Мы стояли, чтоб лучше было видно, и Егор прикрикнул на нас:

— Пошли! Звезд они не видали!


Теснина черных заборов вдруг расступилась, и встал передо мной, как лист перед травой, огромный, в огнях, океанский корабль. Огни сияли над рекой и в реке, вода дробила свет, вытягивала его через всю реку, и я сразу вспомнил давнее-давнее плавание по Волге и вспомнил другое, из своего зыбкого будущего: я ведь поплыву на таком огромном, на таком прекрасном, на океанском корабле, поплыву через настоящий океан, но и этот, не настоящий, был как праздник… Я ничем не выдал себя, выдумщика, не обнаружил радости. Я ему улыбнулся, пароходу, как старому другу, который все знает обо мне, о котором я тоже все знаю.
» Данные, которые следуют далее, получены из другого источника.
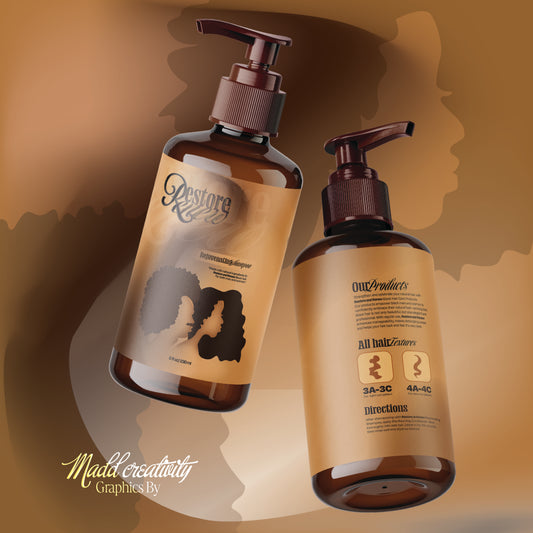Label packaging design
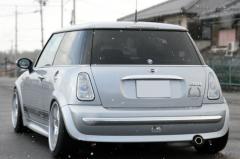 MINI R50/R52/R53 シャーゼン車高調 装着事例02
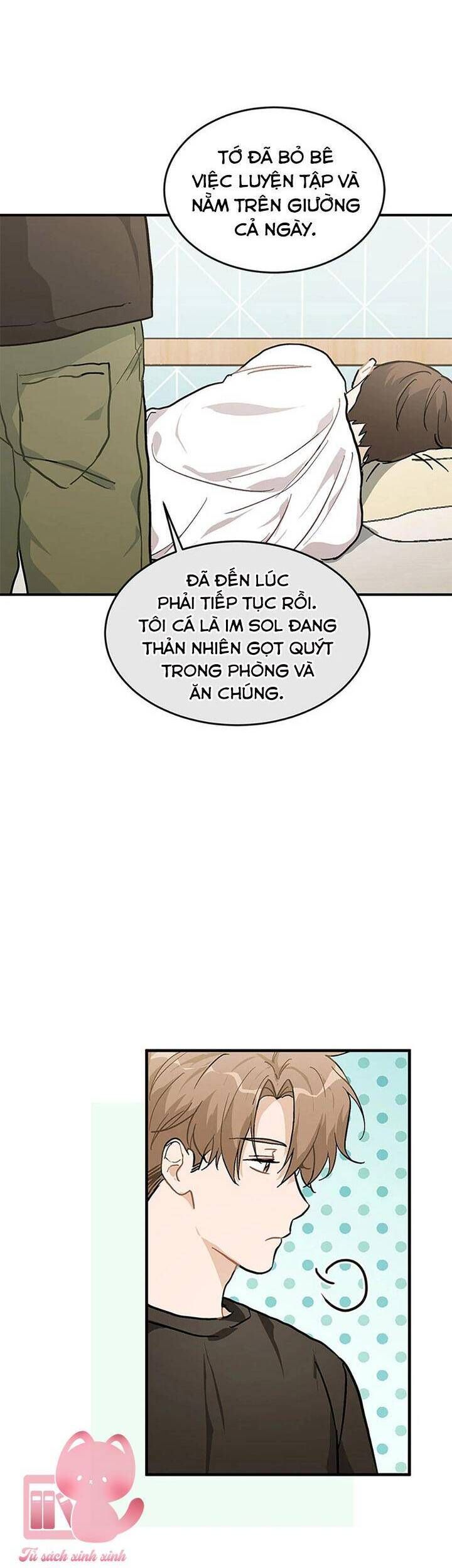 Cõng Anh Mà Chạy Chapter 55 - Trang 2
Набитая тропинка под нашими ногами вздрагивала и слегка гудела, но, когда мы вышли наконец на берег и остановились, я услышал, как бьется огромное сердце огромного корабля, как пульсирует по этажам его светоносная кровь.

— Это фабрика? — спросил я, хотя и спрашивать было незачем.

— БПФ, — ответила Дуся.

— БПФ?

— Бумагопрядильная.

— А вы где работаете?

Егор тут же хохотнул над моим «вы».

— Здесь и работаю. Раньше на «крутилке» работала.

Впору было спросить, а что такое «крутилка», но ребята успели раздеться, а Дуся, к которой я пристал с вопросами, раздеваться, стоя рядом с мальчишкой, стеснялась. Я поскорее отошел от нее к ребятам, стянув фуфайку свою вратарскую, оглянулся. Сестры Смирнова, прижав к груди руки, стояли, скованные холодом, словно уже накупались.

— Ребя, давай без трусов! — шепнул Егор.

— Уж очень видно! — сказал смущенно Вава. — Выжмемся.

Мы булькнули в воду, как булькают лягушки, когда их вспугнешь.

Поискал глазами на берегу девочек и Дусю, но услышал ее голос подле себя.

— Далеко не заплывать!

Вода была теплая, и крепко пахло машиной.

— Испортили нашу Свирель, — сказала Дуся, и я понял, что она мне говорит.

— Фабрики загрязнили?

— Все вместе. Город, фабрики, заводы… Пожалуй, надо выходить, мазут плавает.

Мы разошлись по сторонам, выжимаясь, помогая друг другу выкручивать трусы. Шли домой довольные, словно дело сделали.

— Законно! — говорит Егор.

— Без булды! — откликался Вава.

Я все пытался рассмотреть сестер Смирновых, но они держались в стороне и помалкивали.

Дуся сказала:

— Теперь чайку выпить небось не откажетесь.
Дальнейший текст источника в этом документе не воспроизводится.